红楼梦的真故事

第29章


这全出黛玉之望外!到宝玉进来,看时,却见他是穿蓑戴笠,足踏木屐——她头一句话便笑道: 
  “哪里来的渔翁!” 
  及至宝玉将要辞去,说要送她一套蓑笠时,她又说道: 
  “我不要他!戴上那个,成了画儿上画的和戏上扮的渔婆了!” 
  及至宝玉真走时,她又特意拿出一个手灯给宝玉,让他自己拿着。——这一切,单看本回,也就够情趣满纸、如诗如画了,却不知作者同时又另有一层用意。雪芹的笔法,大抵如此奇妙。拿他与别的小说家一般看待,来“一刀切”,事情自然弄得玉石不分,千篇一律了。 
  读者至此可能疑问:这不对了!原是说湘云的事,才对景,怎么又是“伏脉”伏到黛玉身上去了呢? 
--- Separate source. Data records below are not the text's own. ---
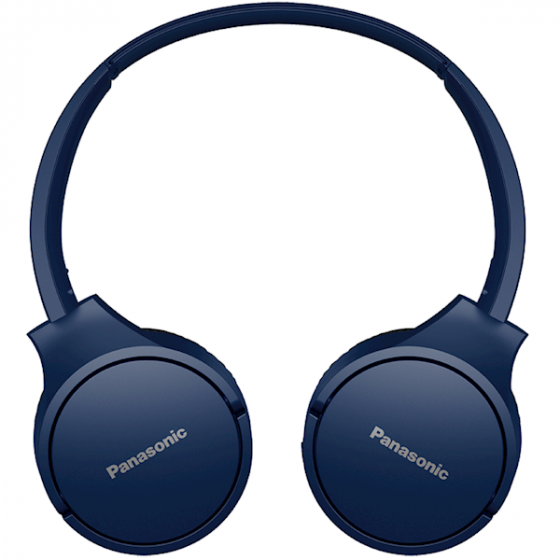 Наушники Panasonic RB-Hf420Bgea, Headset, Wireless, Bluetooth, Ipx4 თბილისი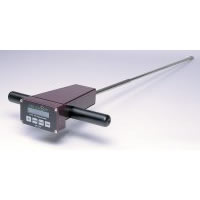 數字式土壤緊實度儀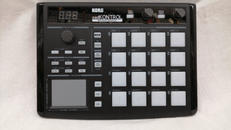 MIDIコントローラー|KORG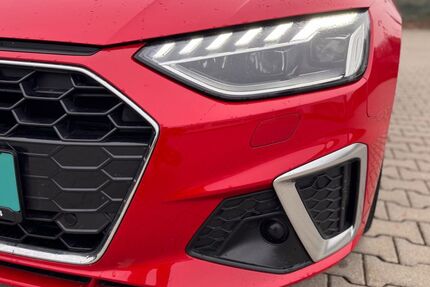 Audi A4 72.000 km 29.999 € München 81825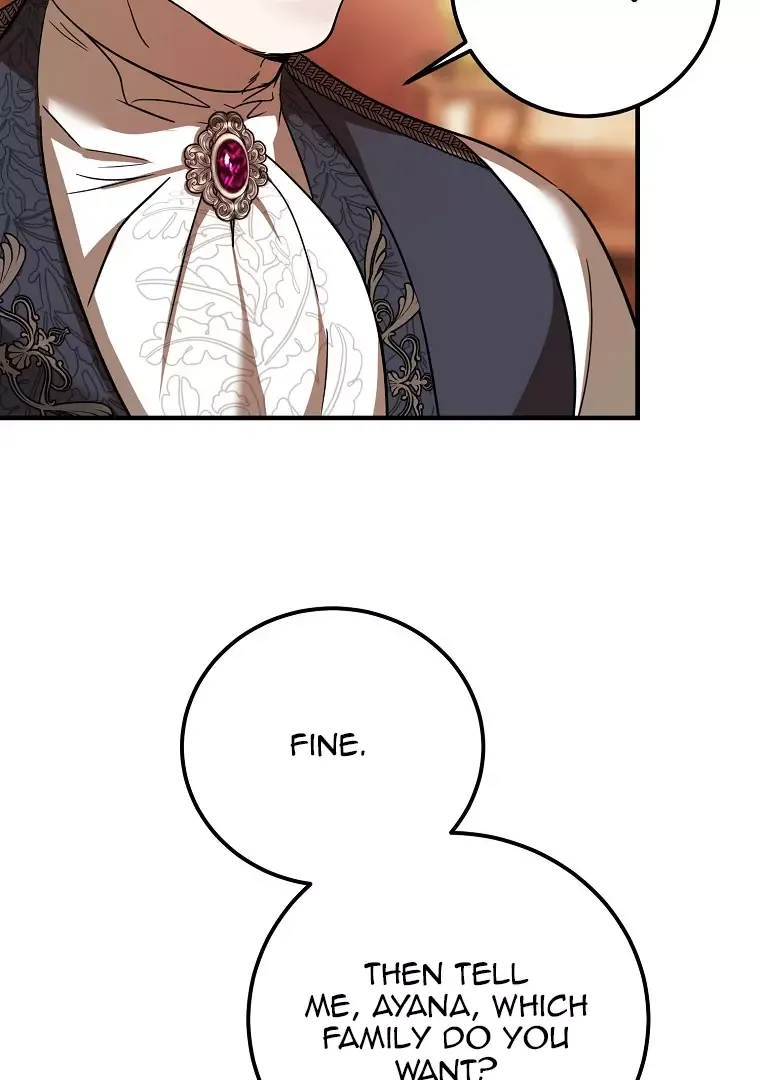 The Devil Raises a Lady Chapter 25 page 130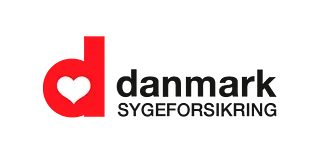Tilskud fra Sygeforsikringen "danmark"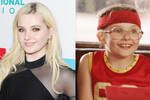 Peque�a Miss Sunshine: Abigail Breslin se siente frustrada por su papel de Olive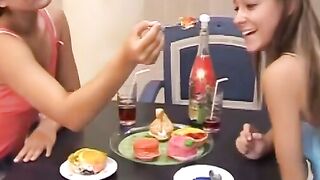 Sun porn video – Forbidden Temptation A Lesbian Odyssey of Desire and Desire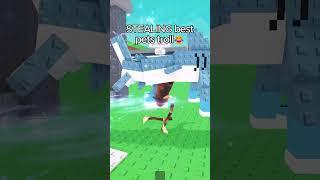 STEALING TROLL in Steal a Brainrot Roblox New Update (No Script): Noob to Pro Guide #stealabrainrot
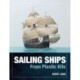 Sailing Ships from Plastic Kits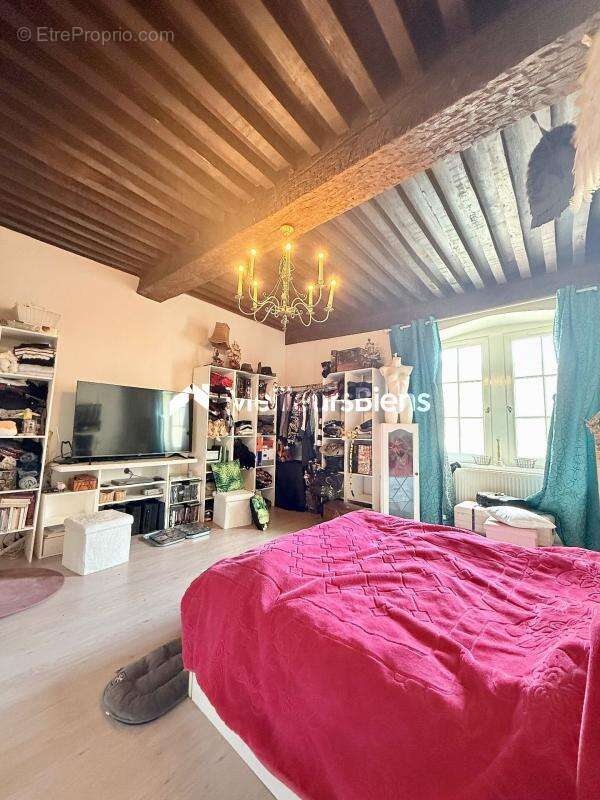 Appartement à VESOUL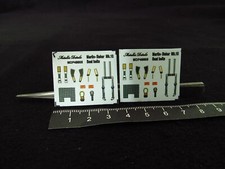 1/48 Metallic Details MDP48005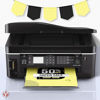 Picture of 57-076 Ampo Photocopy Paper F/S - Yellow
  须知这正是湘黛二人的特殊关系,也就是我说的,湘云是黛玉的接续者,或是叫做“替身”,她二人各号上各占一个“湘”字,本就是暗用“娥皇女英”的典故来比喻的。晴雯这个人物,是湘黛二人的性格类型的一种“结合型”,所以她将死时,海棠(湘的象征)预萎;及至死后,芙蓉(黛的象征)为诔。因此之故,雪芹巧妙地在黛玉的情节中预示了湘云的结局。这并非“不对了”,而正是“对了”。因为这样相互关联是雪芹独创的艺术的特殊手法。 
  那么,雪芹书中除此以外,还有别的印证之处吗? 
  有的。请你重读芦雪庵雪天联句中湘云等人的句子吧。湘云先道是:—— 
  “野岸回孤棹”; 
  宝玉后来联道: 
  “苇蓑犹泊钓”; 
  湘云后来又联道: 
  “池水任浮飘”; 
  “清贫怀箪瓢”; 
  “煮酒叶难烧”。 
  这之前,湘云还有一句引人注目的话: 
  “花缘经冷聚”。 
  请看,无论孤舟回棹,还是独钓苇蓑,还是花缘冷聚,都暗指宝湘的事。而池水浮飘,是说黛玉的自沉。至于清贫烧叶,则是黛玉在嘲笑宝湘二人吃鹿肉时已经说过的: 
  “哪里找这一群花子!” 
  这正是记载中说的宝湘等后来“沦为乞丐”的事了!处处合榫对缝者如此, 宁非奇迹? 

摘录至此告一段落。